Battling its Japanese gaming rivals on their home turf hasn't been easy for Microsoft Corp.
Its Xbox 360 game console runs a distant third in sales here behind Sony Corp.'s PlayStation 3 console and Nintendo Co.'s Wii.
But the Seattle-based company is armed with a new weapon — its new controller-free Kinect game technology — that it hopes will convince Japanese consumers to embrace the Xbox 360.
The company introduced the highly anticipated Kinect to the Japanese media Wednesday, touting its ability to broaden the Xbox's appeal to the entire family.
Once known as Project Natal, Kinect stretches the concept of motion capture that propelled the Wii's global success. But Microsoft eliminated the controller completely. Kinect relies instead on a camera system that recognizes gestures and voices, enabling players to control on-screen avatars in action and sports games simply by moving their own bodies.
"All you have to do is play (Kinect), or watch people play it," said Takashi Sensui, head of Microsoft's home and entertainment division in Japan. "It's nothing you've seen, and it's a brand new experience that I think a lot of people will be attracted to."
Until now, the Xbox has been known as the device to play hard-core shooter games such as "Halo." In the U.S., Microsoft ranks second in console sales after Nintendo, just ahead of Sony.
Microsoft has some catching up to do in Japan. As of last week, it had sold some 150,000 Xbox 360 console this calendar year, according to Media Create Co., a Tokyo-based gaming market research company. Nintendo sold about a million Wii units during the same period, while Sony sold just under a million.

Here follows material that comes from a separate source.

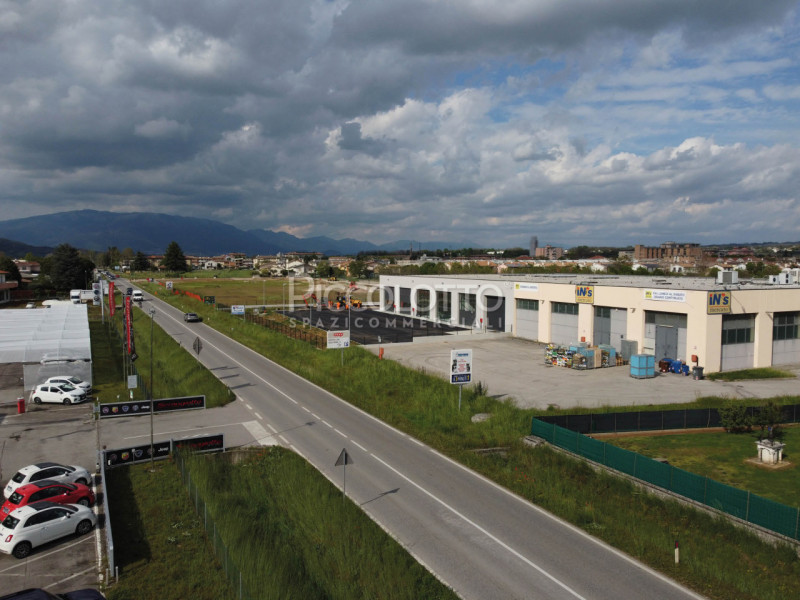 Rif. V877 - Caerano di San Marco, area a destinazione commerciale di circa mq. 15.800 in vendita....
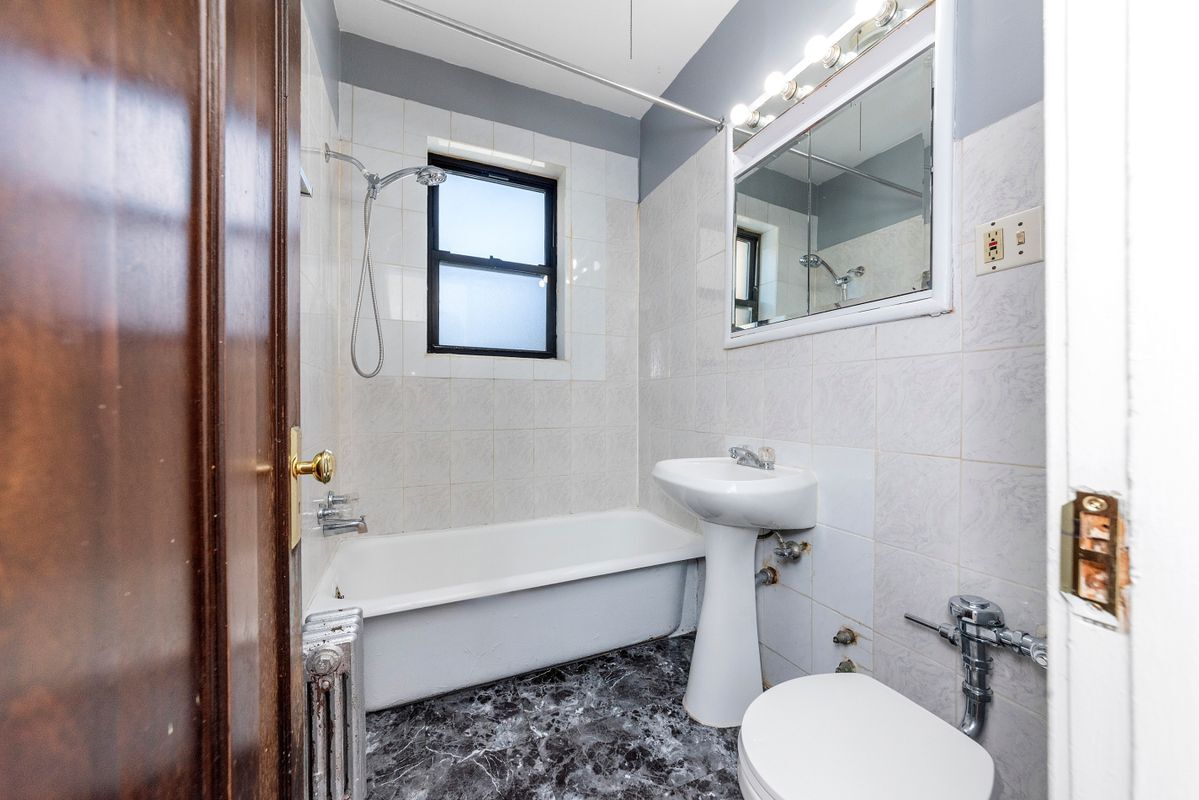 Building Photo - 1717 W North Shore Ave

Sensui said Kinect would help Xbox close the sales gap and maybe even surpass rivals "eventually."
Microsoft said Kinect will launch in Japan on Nov. 20. It has previously announced that its global launch will begin Nov. 4 in North America, followed by Europe on Nov. 10.
Microsoft will release 10 Kinect-compatible games by the end of the year in Japan, including a brain-training game that requires players to use eye-brain-body coordination to answer various math and game puzzles. The game was developed with Japanese neuroscientist Ryuta Kawashima, who appears in a popular series of brain- training video games that drove sales of the Nintendo DS.
Kinect will be sold bundled with the Xbox or as a stand-alone system, which can be connected to existing consoles. It will cost $150 in the U.S. and 14,800 yen in Japan.